The Spiritist Doctrine offers us, in short, the only possible and rational solution to a multitude of moral and anthropological phenomena, of which we are witnesses daily and for which one would seek, in vain, the explanation in all known doctrines. In this category we shall classify, for example, the simultaneity of thoughts, the anomaly of certain characters, sympathies and antipathies, intuitive knowledge, aptitudes, propensities, the destinies that seem marked by fatality and, in a more general picture, the distinctive character of peoples, their progress or their degeneration, etc. To the citation of the facts we shall add the inquiry into the causes that might have produced them. From the appraisal of these facts there will naturally emerge useful teachings as to the line of conduct most in conformity with sound morality.

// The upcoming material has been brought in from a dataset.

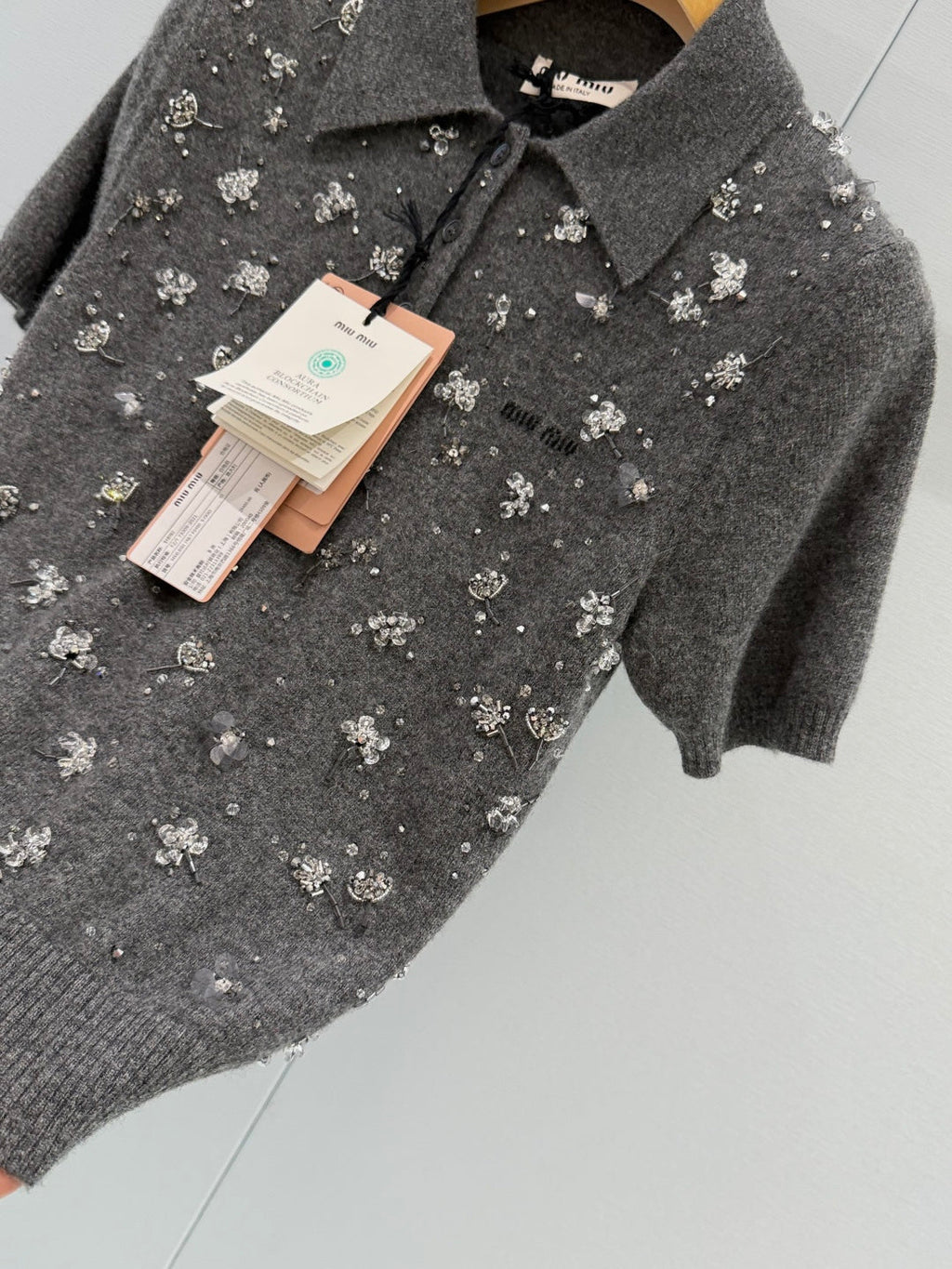 MIUMIU 26S SHORT-SLEEVED KNIT POLO SHIRT STYLE 1061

In their instructions, the Higher Spirits always have as their objective to awaken in men the love of good, through the evangelical precepts; for this very reason they trace for us the thought that must preside over the editing of this collection. Our framework, as may be seen, comprises everything connected with the knowledge of the metaphysical part of man; we shall study it in its present state and in the future, since to study the nature of the Spirits is to study man, considering that he must one day form part of the world of Spirits. This is why we have added, to our principal title, that of journal of psychological studies, in order to make its full importance understood.

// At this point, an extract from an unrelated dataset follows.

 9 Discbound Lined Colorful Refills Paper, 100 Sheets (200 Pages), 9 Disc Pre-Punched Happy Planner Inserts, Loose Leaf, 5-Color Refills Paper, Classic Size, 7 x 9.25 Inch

— Note: However abundant our personal observations and the sources from which we have gathered them, we do not conceal the difficulties of the task, nor our own insufficiency. To supplement it, we count on the benevolent assistance of all who take an interest in these questions; we shall, therefore, be quite grateful for the communications they may be so good as to transmit to us concerning the various subjects of our studies; in this regard we draw attention to the following points, on which they may furnish documents:

1st Material or intelligent manifestations obtained in the gatherings they attend;

2nd Facts of somnambulistic lucidity and of ecstasy;

3rd Facts of second sight, predictions, presentiments, etc.;

4th Facts relating to the occult power, attributed with or without reason to certain individuals;

5th Legends and popular beliefs;

6th Facts of visions and apparitions;

7th Particular psychological phenomena, which sometimes occur at the instant of death;

8th Moral and psychological problems to be resolved;

9th Moral facts, notable acts of devotion and abnegation, of which it may be useful to propagate the example;

10th Indication of ancient or modern works, French or foreign, in which facts relating to the manifestation of occult intelligences are found, with the designation and, if possible, the citation of the passages. Likewise, with respect to the opinion expressed on the existence of Spirits and their relations with men, by ancient or modern authors whose name and learning may give them authority.

We shall not make known the names of the persons who send us communications, unless we are formally authorized to do so.

[1] Until now there exists in Europe only one newspaper devoted to the Spiritist Doctrine—the Journal de l'âme, published in Geneva by Dr. Boessinger. In America, the only newspaper in French is the Spiritualiste de la Nouvelle Orléans, published by Mr. Barthès.